🤖 AI Summary
This work addresses a critical gap in the theoretical understanding of Transformers by incorporating numerical analysis into their formal study. While existing theory assumes exact real-number arithmetic, practical implementations rely on finite-precision floating-point operations, which introduce rounding errors. By integrating numerical computation and function approximation theory, this paper formally demonstrates that under finite-precision floating-point arithmetic, Transformers can represent non-permutation-equivariant functions; they are capable of expressing all permutation-equivariant functions for bounded sequence lengths, but this expressivity degrades with longer sequences. Moreover, any nontrivial additive positional encoding is shown to impair their equivariant representational capacity.
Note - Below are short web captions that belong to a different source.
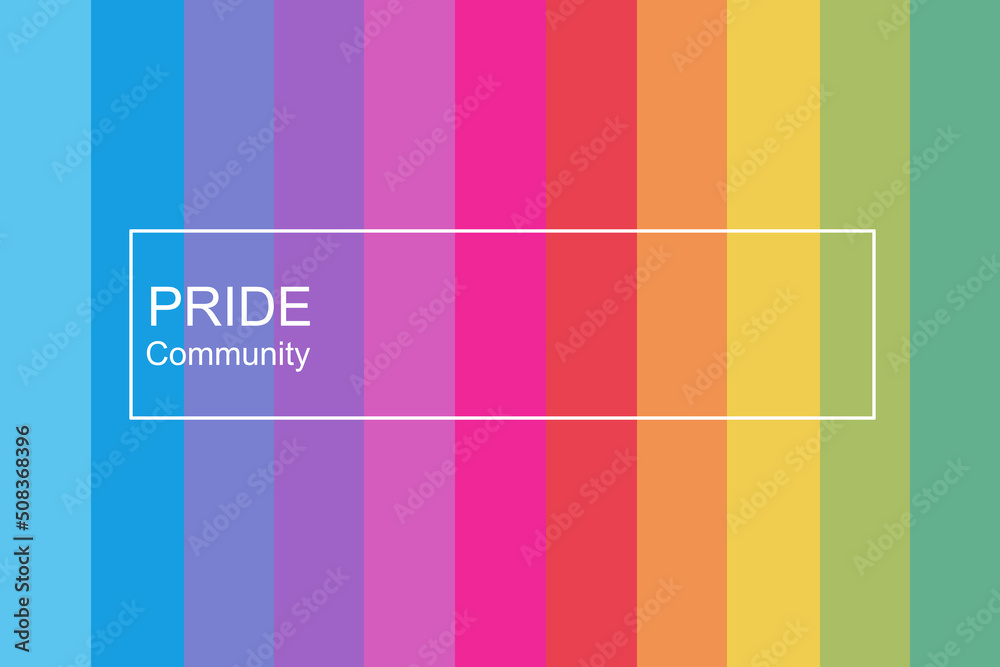 LGBTQ Pride Month. Rainbow background illustration. The concept of diversity, gender selection Use it to design banners or publications, LGBTQ events.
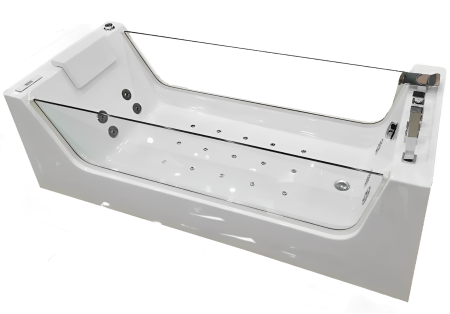 Акриловая гидромассажная ванна (джакузи) Cerutti SPA C-453 180x80 фото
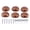 Coffee, variant on NFTIGB 6Pcs Electric Guitar Tuning Peg Key Button Semicircle Shape Folk Classical Guitar Tuning Peg Handle Red Color (3.15 inches / 8 cm)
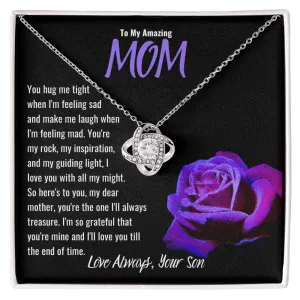 To My Amazing Mom You Hug Me Tight
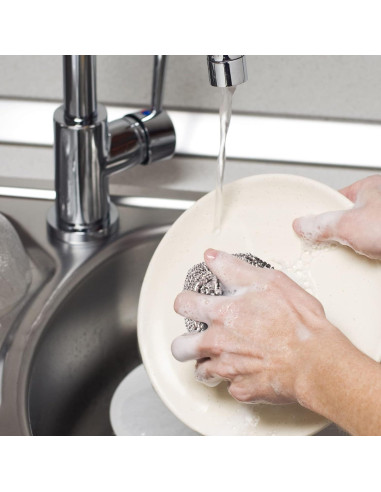 Estropajos de Acero Inoxidable COOLJOB - Paquete de 6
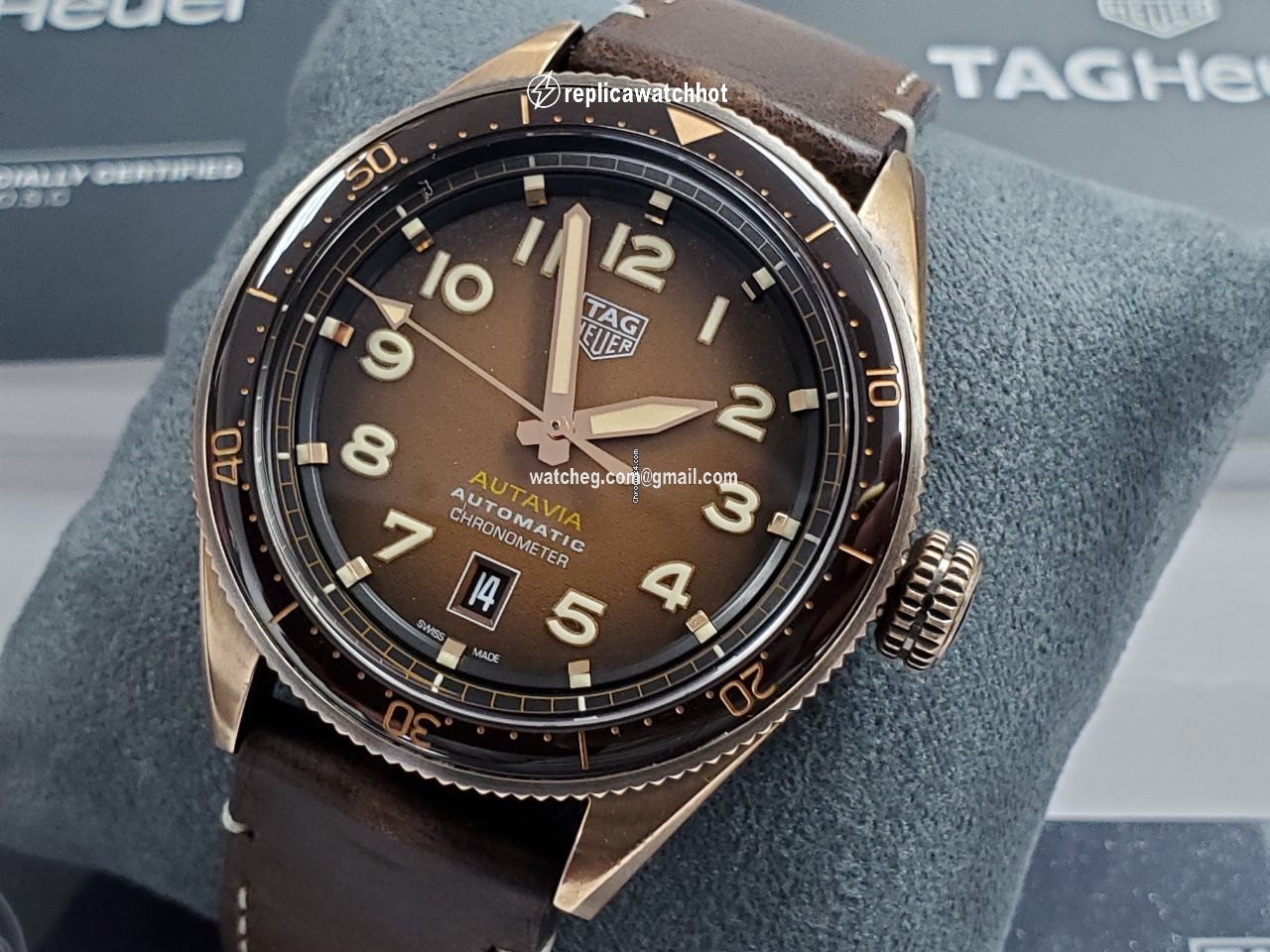 TAG Heuer Autavia Mens watch Unisex Automatic Bronze WBE5191.FC8276 2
The study establishes, for the first time, the minimal equivariant architecture required for floating-point Transformers and provides tight upper and lower bounds on their expressive power.
📝 Abstract
The study on the expressive power of transformers shows that transformers are permutation equivariant, and they can approximate all permutation-equivariant continuous functions on a compact domain. However, these results are derived under real parameters and exact operations, while real implementations on computers can only use a finite set of numbers and inexact machine operations with round-off errors. In this work, we investigate the representability of floating-point transformers that use floating-point parameters and floating-point operations. Unlike existing results under exact operations, we first show that floating-point transformers can represent a class of non-permutation-equivariant functions even without positional encoding. Furthermore, we prove that floating-point transformers can represent all permutation-equivariant functions when the sequence length is bounded, but they cannot when the sequence length is large. We also found the minimal equivariance structure in floating-point transformers, and show that all non-trivial additive positional encoding can harm the representability of floating-point transformers.